Why I'm So Glad I Quit My Life
Categories: Life Stories
I think I am supposed to sell you an aspirational dream of my life. You are meant to look at me and my photographs of many exotic destinations and browse them like you would a catalogue, taking mental notes of all the things you quite like. Maybe I could even set up a glamorous instagram with sickening sunset shots. That is why we all read these stories isn't it, for the glossy image? The daydream? People constantly tell me how lucky I am. They are absolutely right and there is not one day that I am not incredibly grateful, but I did not win any golden ticket. It may look like I am living the dream but don't forget that real life always has #nofilter. There is a fine line between brave and reckless, and the truth is any time you take a leap of faith you walk that line in an, often not so graceful, wobbled balancing act.
Two years ago I quit my job.

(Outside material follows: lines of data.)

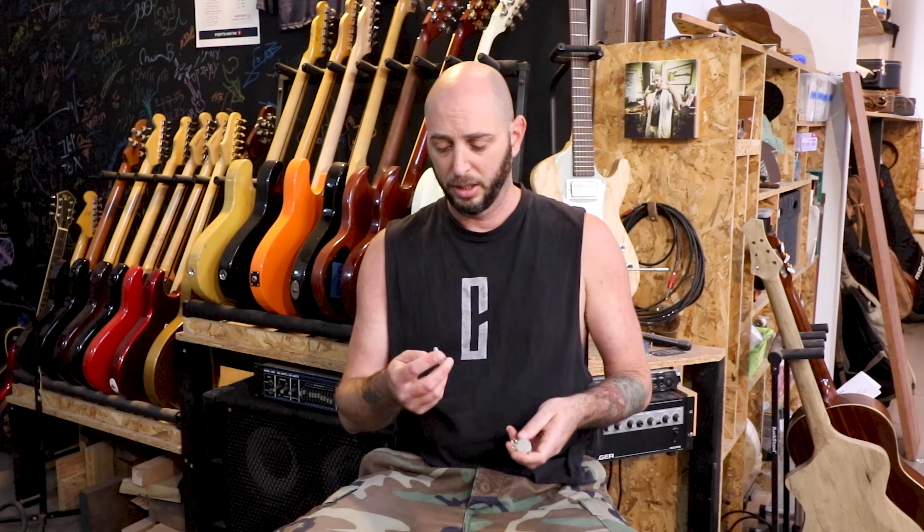Hi guys, Alon Sage from Colts Boutique here. Today we're going to discuss pots. This is an Alpha, this is a CTS — the size doesn't matter, all pots work the same. Pots are basically resistors and the resistance changes as you move the shaft.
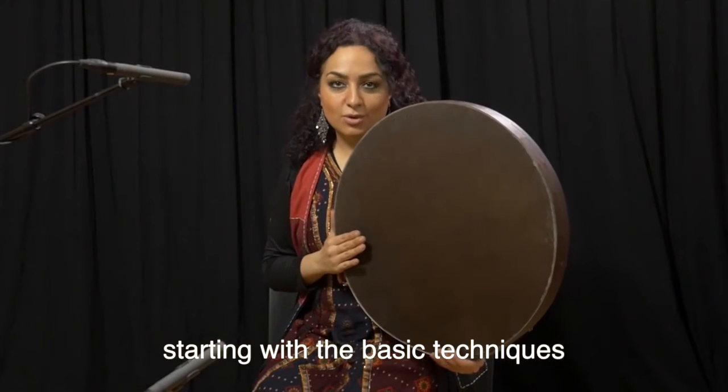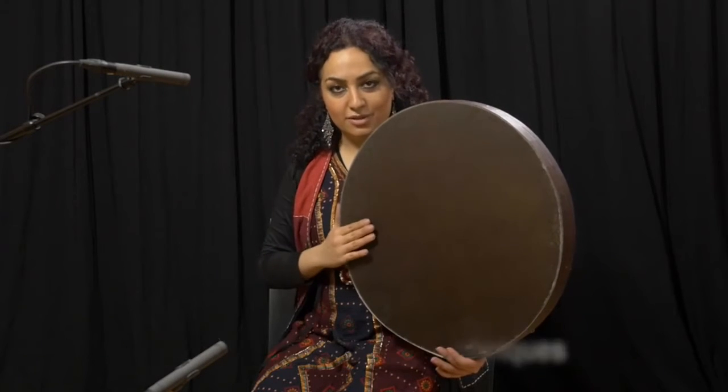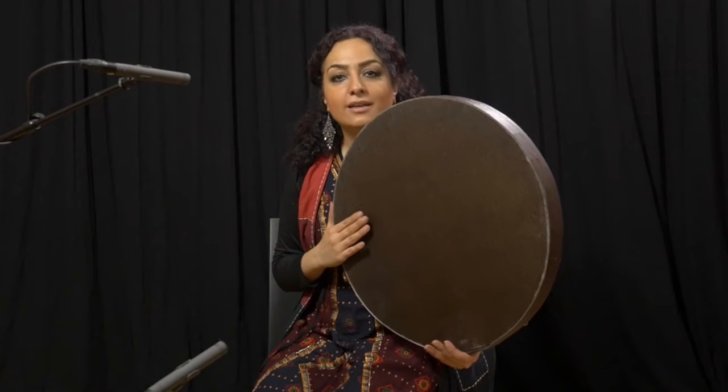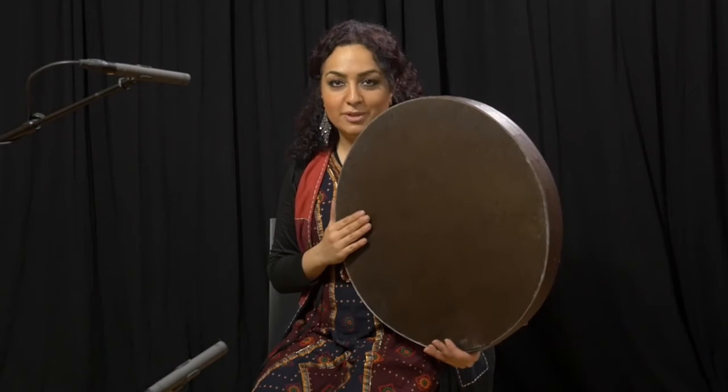As you can notice, it's an open stroke, so we need to play it with a relaxed hand and relaxed shoulder, and we should let the hand bounce off the drum right after we play it. The energy of playing this stroke comes from the turning motion of the wrist and also the shoulder movement.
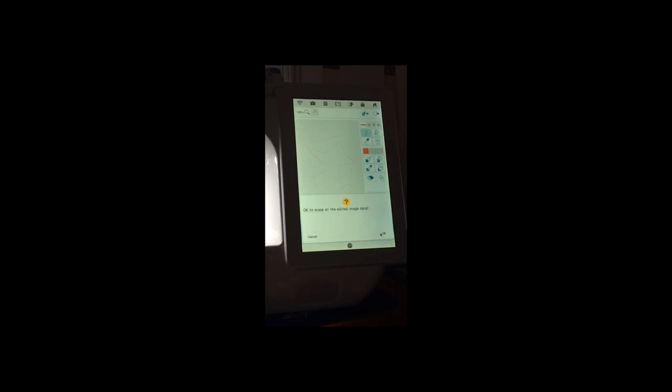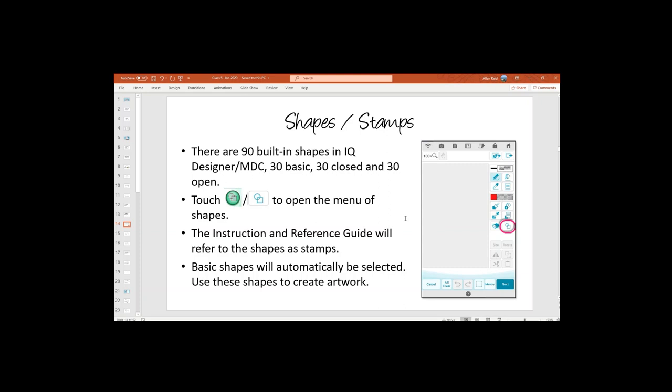If you can't draw freehand, you can use the 90 built-in shapes — referred to in the manual as 'stamps.' The original Destiny and Dream Machine only had 30 shapes, but Dream Machine 2, Destiny 2, and all newer machines have 90 shapes. If you have the original Destiny or Dream Machine, you can upgrade to access all the additional shapes and other tools.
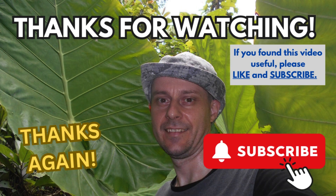Thanks for watching. If you enjoyed this video then please give it a like. I really appreciate your support. Please subscribe if you'd like to see more of my plant videos. Thanks again and I look forward to bringing you the next video soon.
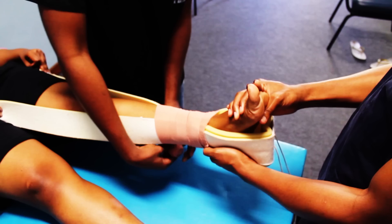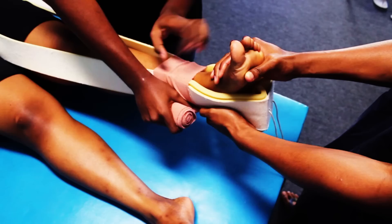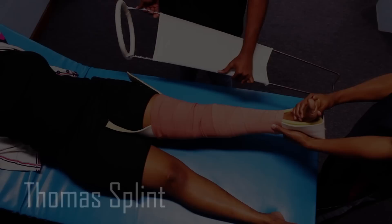The technique demonstrated here is the 50% overlap method. Alternatively, you can use the figure-of-eight method, which ensures more tensile strength. You want to apply all the way up to the level of the groin, making sure that it's not too tight to prevent the development of compartment syndrome.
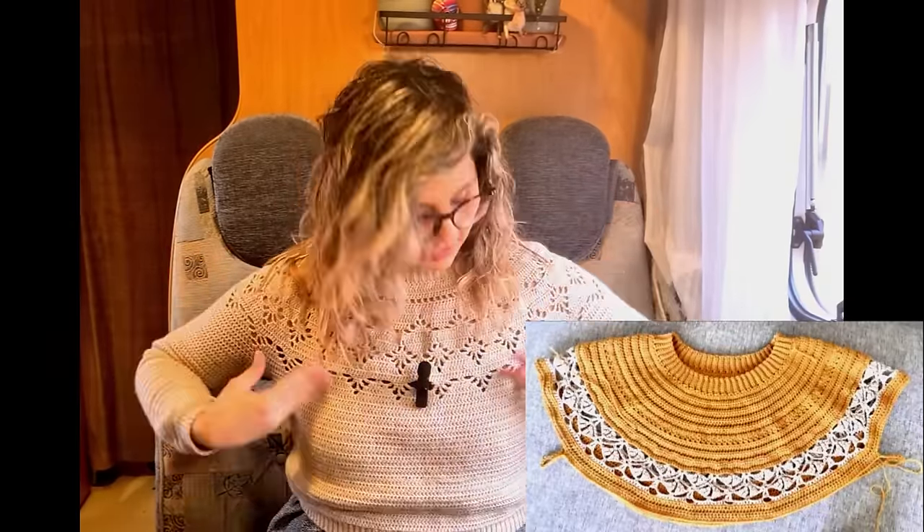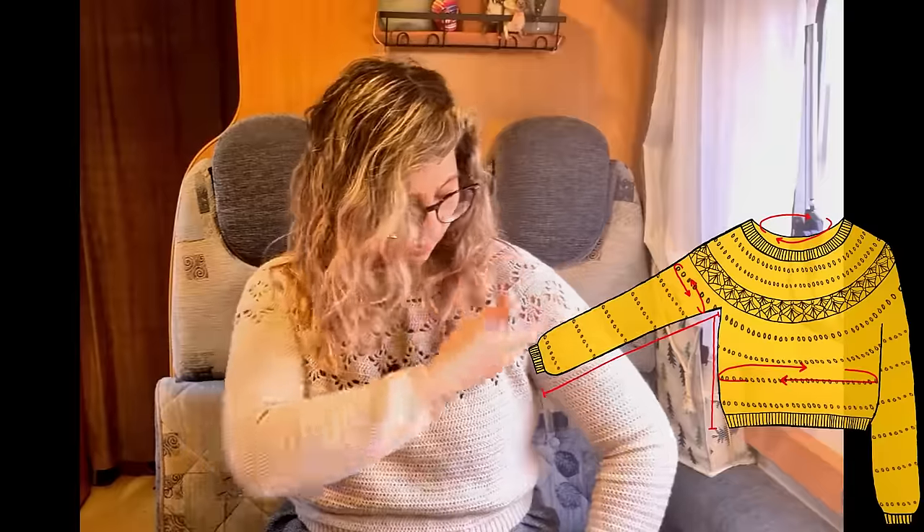A circular yoke simply starts from the neckline in a circular form. You make your yoke grow as a circle until it reaches your armhole depth, and then you divide the body. At the very end, you work the sleeves in those openings of the yoke, so it's all worked in one nice big shape. I love circular yokes — it's really fun to work, especially with nice designs like colorwork or lace. They're really easy to make and great for beginners.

I'd like to say it was an epiphany to leave the rat race, but in reality my life had fallen apart a little which made it a lot easier to jump. The man I was living with ended our relationship and started dating our co-worker. Ouch. And yes, there was a...erm...crossover. The other woman was beautiful, talented and on TV. Double ouch. As much as I enjoyed going into our place of work and seeing them on a daily basis, after several months of introspection (aka wallowing) I decided this was an opportunity.
You see for years I had wanted more, never quite knowing what that more was, let alone how to get it. I had a beautiful home, wonderful family and friends, and a job as a journalist at the BBC that others envied, but still a deep craving for adventure had been building in me my entire life. Quite frankly any adventure at times would do, yet when it came down to giving up everything that I knew I had, all my safe bets, in exchange for a giant question mark, it seemed more than daunting, it seemed delusional. Regardless, a discontented voice kept whispering (and occasionally shouting) at me that there must be more to life than this. It turns out it was right.
It's a lot easier to leap when it feels like life is chasing you off the cliff. The great thing about any kind of loss is it leaves you with a lot less to lose! So I decided to quit my job, put my house up for rent and take a one way flight to the other side of the world. I had no plans. Quite frankly I was a little tired of plans. Perhaps it was my attempt to rebel against life.